If that's worth 160 then I must've accidentally bought a mercedes


----------



## Eddy Cruze (Jan 10, 2014)

I live in the most severe area of the U.S. and the 2014 comes with 2 years of 'free maintenance'. I plan to pay nothing, and there is even fine print with the free maintenance which consists of 4 Oil changes, 4 Tire rotations if really done, and 112 points checked (4 x 27). I wonder in the fine print it says I must wait until my Oil Life monitor reads zero, or I can go every 6 months?


----------



## WhiteAndBright (Mar 4, 2013)

money_man said:


> What's the LOF?
> 
> Sent from AutoGuide.com Free App


Lube, Oil, Filter


This extraordinary insight brought to you from the confines of my iPhone..


----------



## Merc6 (Jun 8, 2013)

Psychomidgit said:


> Depends on the vehicle and where I buy the fluid. I do all the work myself because I don't trust either dealer up here. On this car I don't know because I just hit 7500 mi. The only fluid I never touched was power steering unless it leaked or I had to change a part of that system. But to give you an idea, my 15K for this vehicle will consist of this:
> -coolant drain and fill
> -brake fluid flush
> -clutch fluid flush
> ...


You should be good on power steering fluid indefinitely unless you are an overseas Cruze. Check the fuse and press on to the next item on the list. 



Sent from my iFail 5s


----------



## money_man (Feb 25, 2014)

Eddy Cruze said:


> I live in the most severe area of the U.S. and the 2014 comes with 2 years of 'free maintenance'. I plan to pay nothing, and there is even fine print with the free maintenance which consists of 4 Oil changes, 4 Tire rotations if really done, and 112 points checked (4 x 27). I wonder in the fine print it says I must wait until my Oil Life monitor reads zero, or I can go every 6 months?


Did this information come with your car?


----------



## Robby (Mar 1, 2013)

That is classic, dealer developed, service menu selling of service.

Simple terms: Dealer developed scam to increase their income only.

If it isn't in the manual, it is a homemade service........a fool and his money are soon parted.

I have seen this scamming going on for over 50 years in the biz.....one would think folks will see through it but it never happens.....just keep falling for the same old scam.
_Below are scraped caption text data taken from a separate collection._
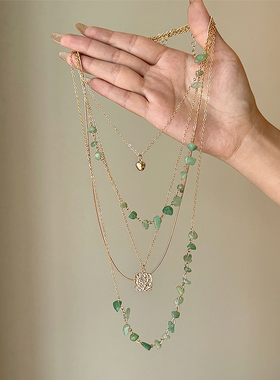 vintager中古绿色天然石串珠项链女复古民族风长款叠戴锁骨链配饰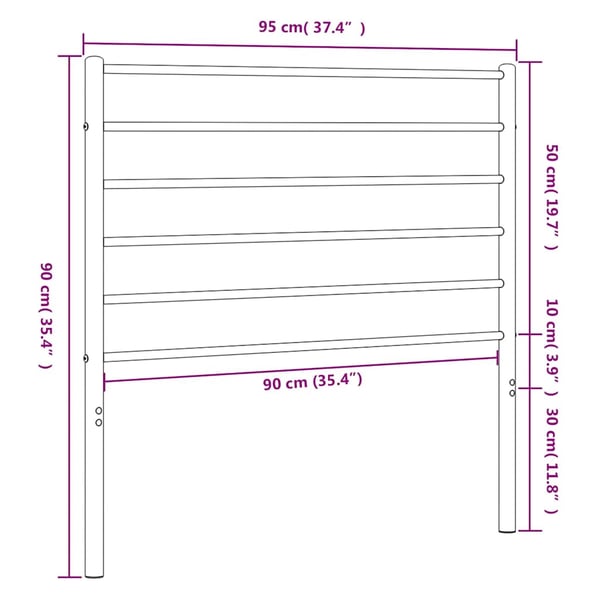 vidaXL Sengegavl metall svart 90 cm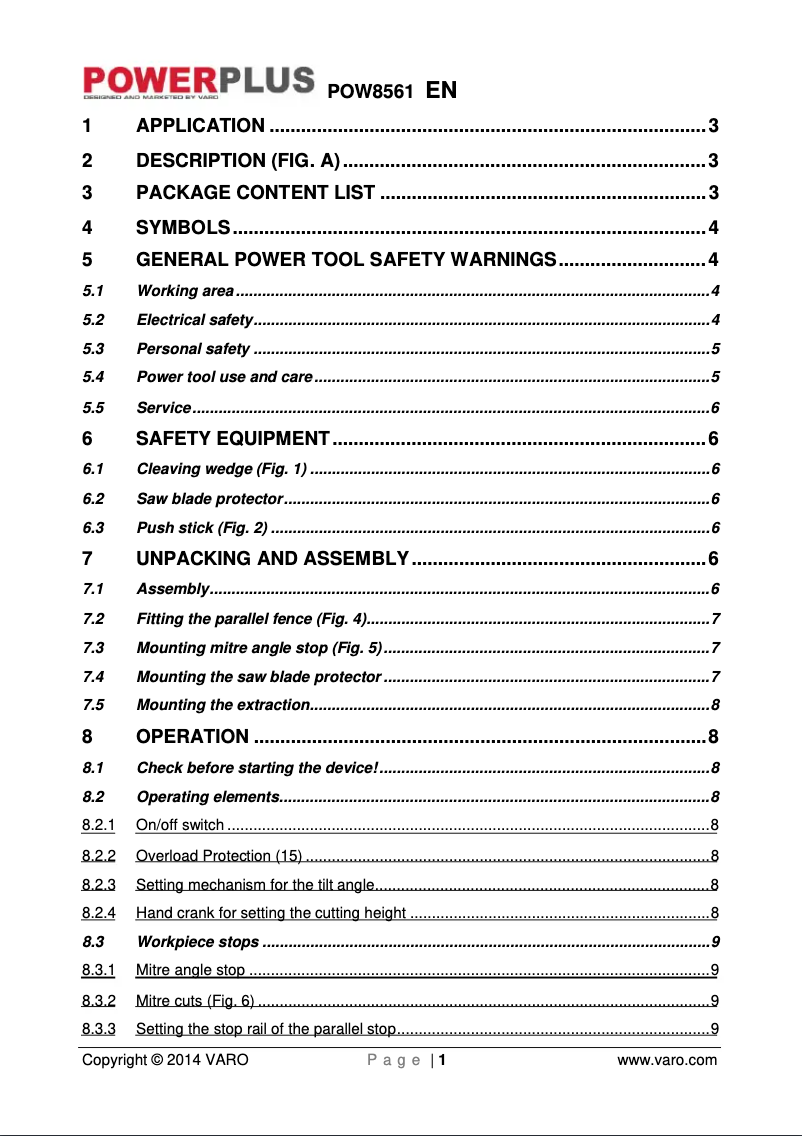 Page 1 de la notice Manuel utilisateur PowerPlus POW8561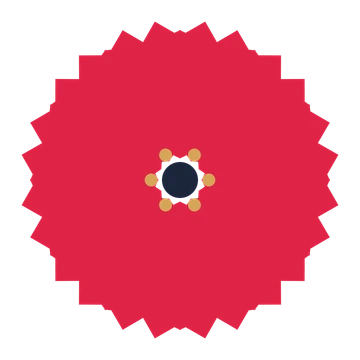 A 12-petal ruffled flower with a stamen centre and a transparent background.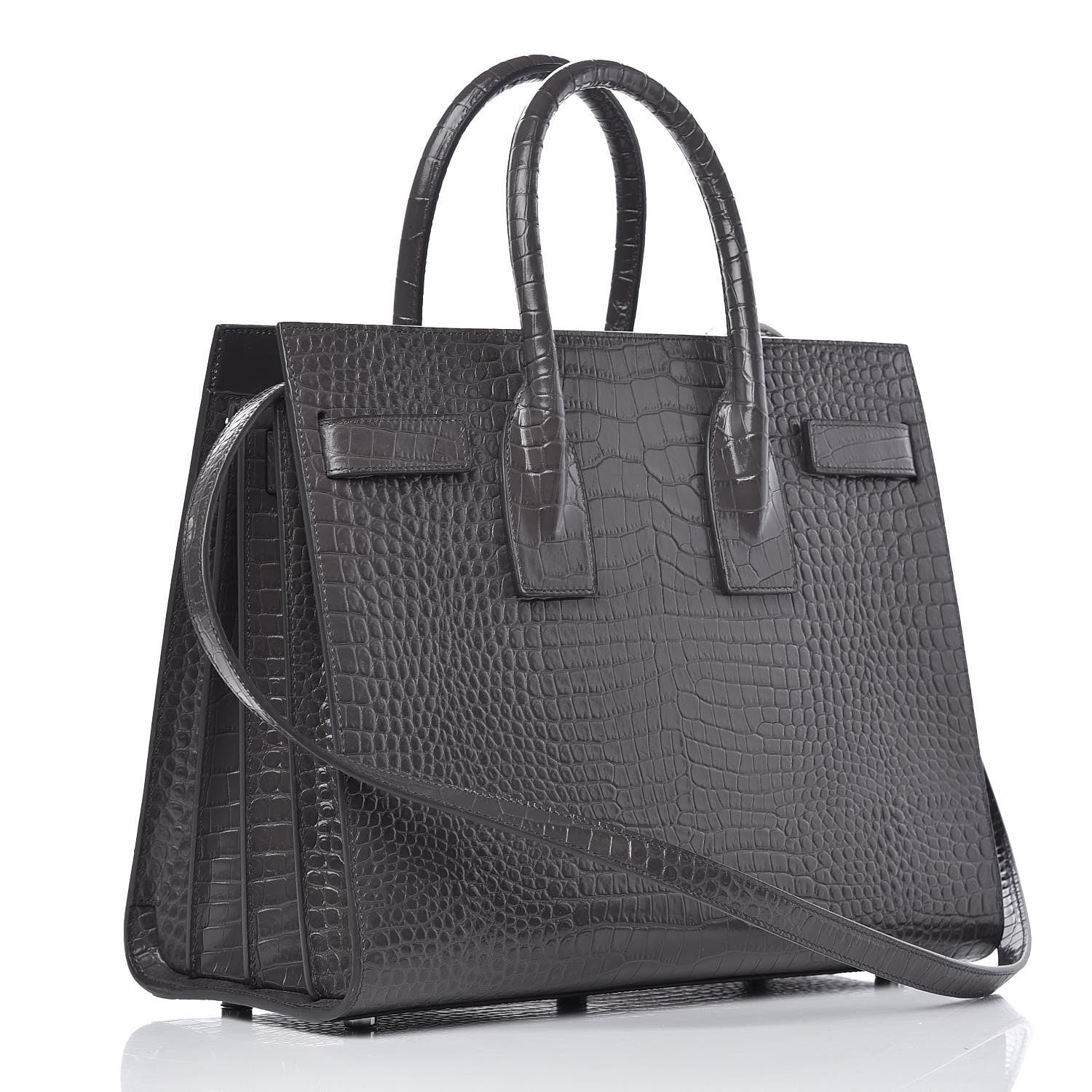 Saint Laurent Calfskin Crocodile Embossed Small Sac De Jour Fog 3 of 9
Comon folks, just read the book and follow the guidlines and save yourself a ton of money......Chevy did a great job of creating a low maintenance expense car and wrote the book.

Eazy Peazy.

Rob


----------



## Eddy Cruze (Jan 10, 2014)

money_man said:


> Did this information come with your car?


Yes, there is even a web page. For those like me that put low mileage on their Cars I will get less than 4 Oil changes? Seems it goes by the interval in the manual plus the Oil Life monitor. I thought I had read this?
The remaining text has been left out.